En comparaison, les revenus engendrés par la MLS grâce aux droits TV ont été de 27 millions de dollars l’année passée. Tellement loin des milliards des autres sports. Une différence de quelques zéros qui expliquent en partie ces salaires « faibles » de MLS. La bonne nouvelle pour les joueurs de MLS, c’est que les masses salariales ont augmenté depuis 2007. A cette date antérieure, seuls quatre joueurs gagnaient plus d’un million de dollars par an: Juan Pablo Angel, David Beckham, Cuauhtemoc Blanco et Claudio Reyna. En 2012, il y en avait neuf. Et la courbe n’est pas prête de ralentir. Il y a cinq ans, 103 joueurs gagnaient 100 000$ par an, et seulement 33 joueurs arrivaient à 200 000$. La saison dernière, 90 joueurs dépassaient les 200 000 dollars. Mais plus que par les salaires, cette bonne santé financière s’explique par le nombre de franchises existantes aujourd’hui: 19 contre 13 en 2007.
Les joueurs en MLS méritent-ils vraiment une augmentation de salaire ?
Est-ce que les chiffres de Major League Soccer rattraperont un jour ceux démentiels de la NBA ou de la NFL. Si la réponse n’est pas connue, on sait qu’elle est toutefois négative sur le court terme. Le soccer part de trop loin, mais la courbe est porteuse d’espoir. Les teens qui sortent des universités pour être draftés peuvent être rassurés. Les chaînes TV US diffusent de plus en plus de soccer. Les performances de l’équipe nationale n’y sont certainement pas étrangères.
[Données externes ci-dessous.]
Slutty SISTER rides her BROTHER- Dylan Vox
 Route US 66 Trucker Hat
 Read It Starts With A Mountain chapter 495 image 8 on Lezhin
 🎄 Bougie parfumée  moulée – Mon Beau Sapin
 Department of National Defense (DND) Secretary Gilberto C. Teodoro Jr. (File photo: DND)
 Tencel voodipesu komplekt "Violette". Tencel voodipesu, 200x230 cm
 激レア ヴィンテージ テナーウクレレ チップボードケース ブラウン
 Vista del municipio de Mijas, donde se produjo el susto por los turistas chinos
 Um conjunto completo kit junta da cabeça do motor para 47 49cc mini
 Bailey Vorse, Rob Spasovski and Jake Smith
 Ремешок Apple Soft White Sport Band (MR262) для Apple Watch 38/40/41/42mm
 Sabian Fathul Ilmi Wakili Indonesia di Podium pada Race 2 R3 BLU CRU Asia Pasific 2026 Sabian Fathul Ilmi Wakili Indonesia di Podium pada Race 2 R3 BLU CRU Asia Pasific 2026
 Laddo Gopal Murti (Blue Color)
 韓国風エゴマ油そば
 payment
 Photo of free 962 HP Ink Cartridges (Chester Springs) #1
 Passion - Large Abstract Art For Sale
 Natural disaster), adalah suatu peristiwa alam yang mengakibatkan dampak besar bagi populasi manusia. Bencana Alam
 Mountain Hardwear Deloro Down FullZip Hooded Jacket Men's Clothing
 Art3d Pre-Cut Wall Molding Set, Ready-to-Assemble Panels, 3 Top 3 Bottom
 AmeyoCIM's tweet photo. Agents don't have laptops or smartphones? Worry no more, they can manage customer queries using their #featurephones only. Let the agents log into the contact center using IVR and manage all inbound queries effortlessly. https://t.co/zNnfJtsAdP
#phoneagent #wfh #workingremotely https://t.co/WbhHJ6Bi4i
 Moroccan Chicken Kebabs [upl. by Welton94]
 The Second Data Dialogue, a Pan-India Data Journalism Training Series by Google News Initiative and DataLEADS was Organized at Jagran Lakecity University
Quand les Etats-Unis ont participé à la Coupe du Monde 2010, ce ne sont pas seulement les joueurs américains qui ont vibré devant leurs écransmais bien tous les joueurs de MLS, y compris étrangers, bien conscients que leur salaire évoluerait en cas de bonnes performances et donc de bonnes audiences (les USA ont terminé 1er de leur groupe devant l’Angleterre).
La véritable question est de savoir si l’augmentation des salaires en MLS est une bonne chose pour une ligue qui dispose d’une majorité de joueurs très moyens, et très peu de fuoriclasse. Les franchises ne peuvent se permettre de surpayer des joueurs qui, pour la plupart, il faut le dire, ont des lacunes. Ne vaut-il pas mieux se servir de ces revenus supplémentaires pour importer de bons joueurs techniques étrangers? C’est en tous cas cette direction que Don Garber, le commissaire de la MLS, veut privilégier pour améliorer le niveau du championnat. L’arrivée du jeune prometteur Rafael à DC United en est la preuve. Mais attention aux fantômes du passé qui hantent l’Amérique du Nord. L’argent investi à l’étranger a déjà tué une fois le soccer.